Yazıyı 2012 yılı nisan ayında yazmışız. O zamanki çalıştığımız gazetede de, birkaç internet sitesinde de yazımız çıkmış.
Yazı epey uzun.
'Biz böyle idarecilere mahkum muyuz?' sorusuna cevap aramışız.
Çok değil, aradan 2 yıl geçmiş.
Yazının bazı bölümlerini çıkararak, yeniden sunuyorum.
**
Önce bir Kahramanmaraş fıkrası (Kahramanmaraş Fıkraları, 2012, Ünal Kalay) nakledelim:
İmirballı'nın biri, bir adama güneşe nereden gidileceğini sorar.
Adam, İmirballı'ya:
"Be kardeşim güneşe hiç gidilir mi, yanarsın vallahi!" deyince İmirballı, adama bilmiş bilmiş bakar ve der ki:
"Arkadaş! Sen de bizi deli belledin herhalde, ikindi serinliğinde gideceğiz."
**
İşte size soru:
Cevabını nasıl verirseniz verin.
İster "Evet, mahkûmuz!" deyin, isterseniz "Hayır, mahkûm değiliz" deyin.
Fark eden bir şey olmaz.
Çünkü her iki cevap aynı kapıya çıkıyor: Biz bu idarecilerle ya seve seve yaşayacağız, ya da sevmeye sevmeye.
**
Seçim sistemi değişmedikçe iktidarda hangi parti olursa olsun, değişen sadece 'değişimi istiyoruz'un rolüstlenenleri değişir.
Takke düşer, kel görünür.
Takkesi düşmeden, kimin kel olduğunu göreceksiniz ki?
**
Soru şu: Biz böyle idarecilere mahkûm muyuz?

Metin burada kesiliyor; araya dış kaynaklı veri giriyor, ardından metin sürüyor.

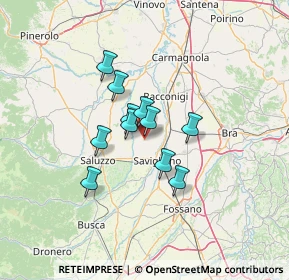 Mappa Via Beppe Fenoglio, 12030 Monasterolo di Savigliano CN, Italia (9.07)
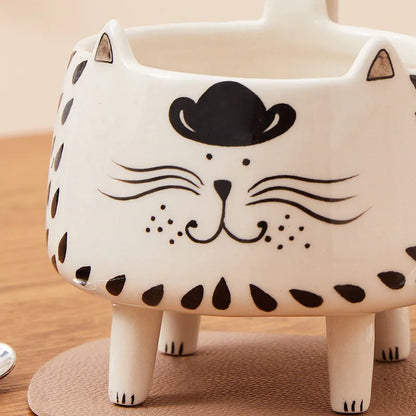 Cute Cat Mug with 4 Legs – Ceramic Meow Mug for Women & Girls, Funny Coffee Cu - The Cat Mug Spot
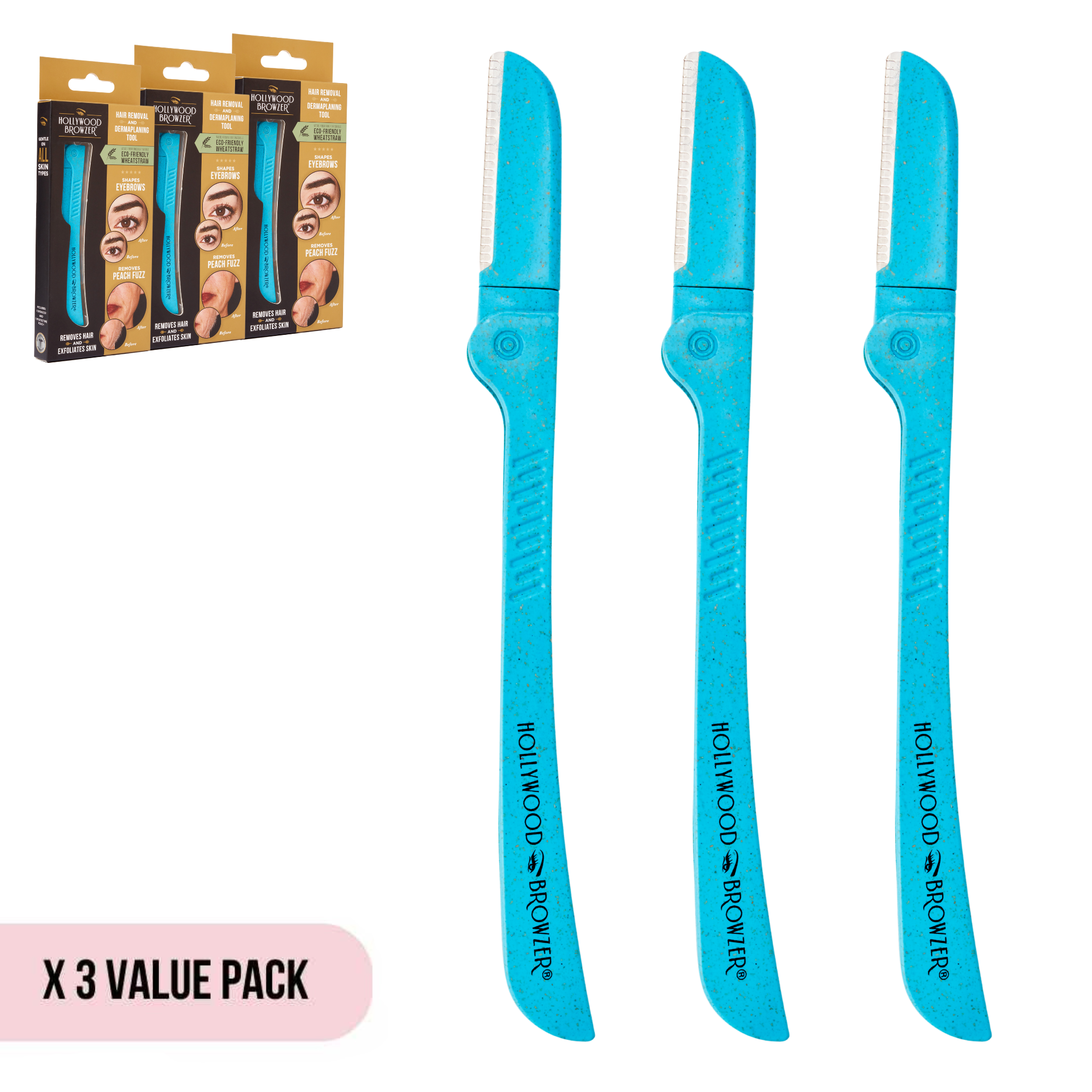Trio Eco-Friendly Wheat Straw Browzer®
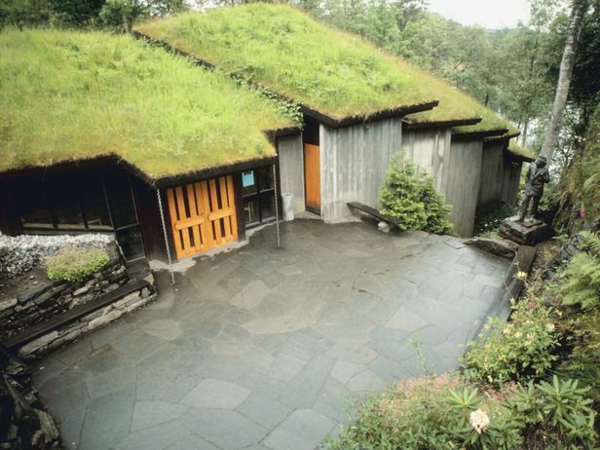 design garten dachbegrünung gartenhaus umweltfreundlich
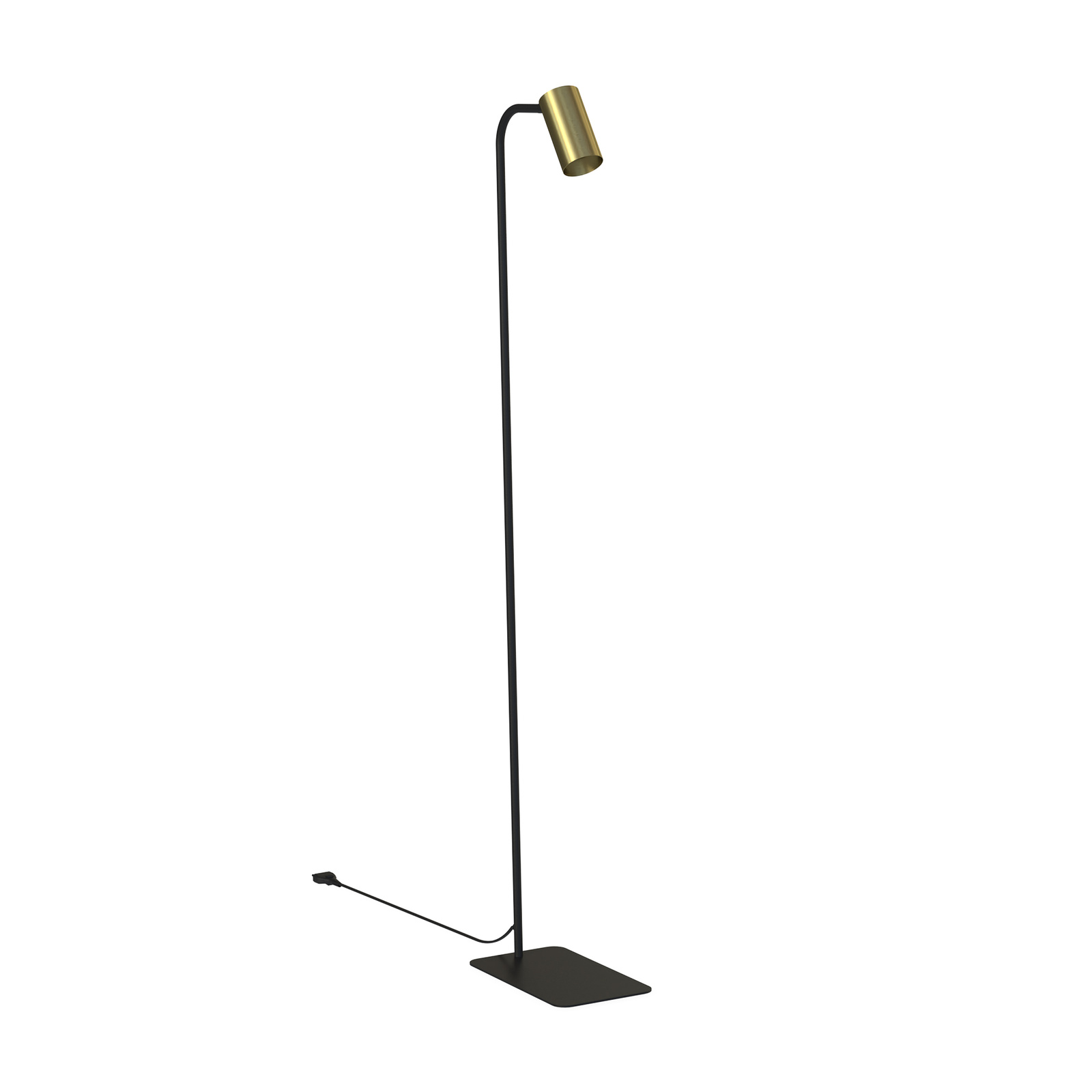 Elegancka lampa podogowa stojca czarny/zoty GU10 7711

Başımızı iki elimizin arasına alıp ta düşünmek gerek. Ya da takkeyi kafamızdan çıkarıp "Ayağını sıcak tut, başını serin… Düşünme öyle derin derin…" üslubunu takınalım.
**
Aklıma düştü de bir Kahramanmaraş fıkrası nakledelim (merhum avukat Metin Şirikçi'nin Metince 1 adlı kitabından):
Haşim Ağa çok renkli biridir.
Pınarbaşı'nda kayısı bahçesi vardı. Maraş tabiriyle erik bahçesidir. Adına "cik cik bahçesi" denir.
Bahçeye girenlerden nasıl para alacağını bir türlü çözememiş. Nihayet bahçenin önüne kantar koymuş.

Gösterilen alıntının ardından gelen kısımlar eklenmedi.